SURVIVAL POSTURES: A COMMUNITY EXPERIMENT IN LEARNING HOW TO LIVE
During the dead of winter, 2011, 20 people in Cleveland, OH took part in a group experiment. Each chose a task essential to their survival or well-being that they didn't know how to do. Then, over the course of February, they learned how to do it: how to build a cook stove out of soup cans, how to process wool and weave with it, how to sew homemade menstrual pads...
Survival Postures took a cue from feminist performance artist Mierle Laderman Ukeles, who, since the late 1960's has used her art to make visible a hidden, stigmatized world of maintenance work that shores up our whole society. She's said that her work is a conscious attempt to re-link cultural practice with how we practice our own survival.

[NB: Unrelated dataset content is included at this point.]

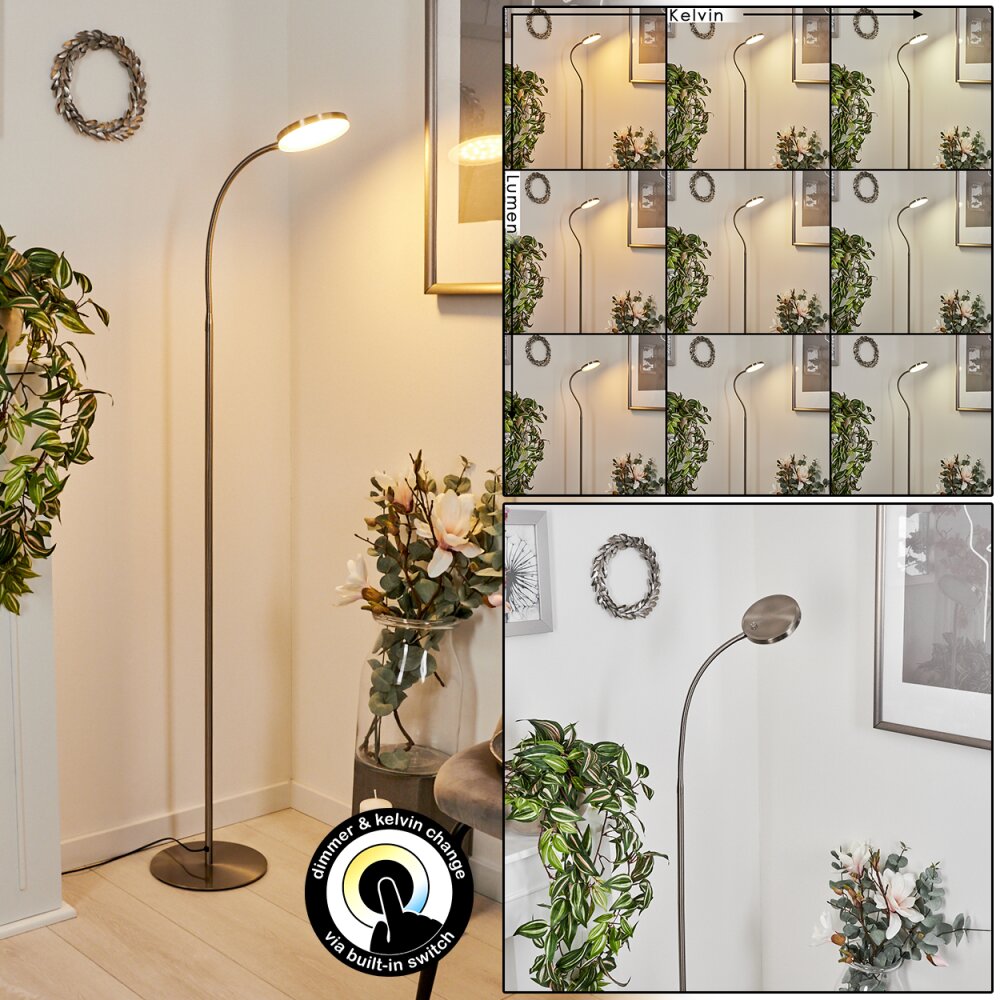 Haltia Lampada da terra LED Nichel opaco, 1-Luce main product photo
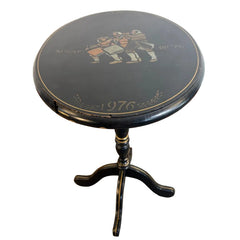 Lock 1976 Wood Tilt Top Table Quad-Leg Base Oval top with Hand Painted Fife and Drum Corps "Spirit of '76" Black Painted Finish, Sku 033768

Cleveland has seen huge growth in interest in re-localizing the work that provides for our community's basic needs. As more people engage in fundamental work like food production, it's becoming more and more clear that as a culture, we are very much in our infancy when it comes to being actors in our own survival. Many basic skills are no longer in our vocabulary, and we rarely flex the muscles that make us producers (rather than consumers) of what we need. At this moment of cultural atrophy, re-learning practical skills takes practice, and in that practice, we have to allow ourselves to be tentative, uncomfortable and inexperienced.
Survival Postures was about practicing a culture that can take care of itself, re-linking culture and survival deep within our own bodies.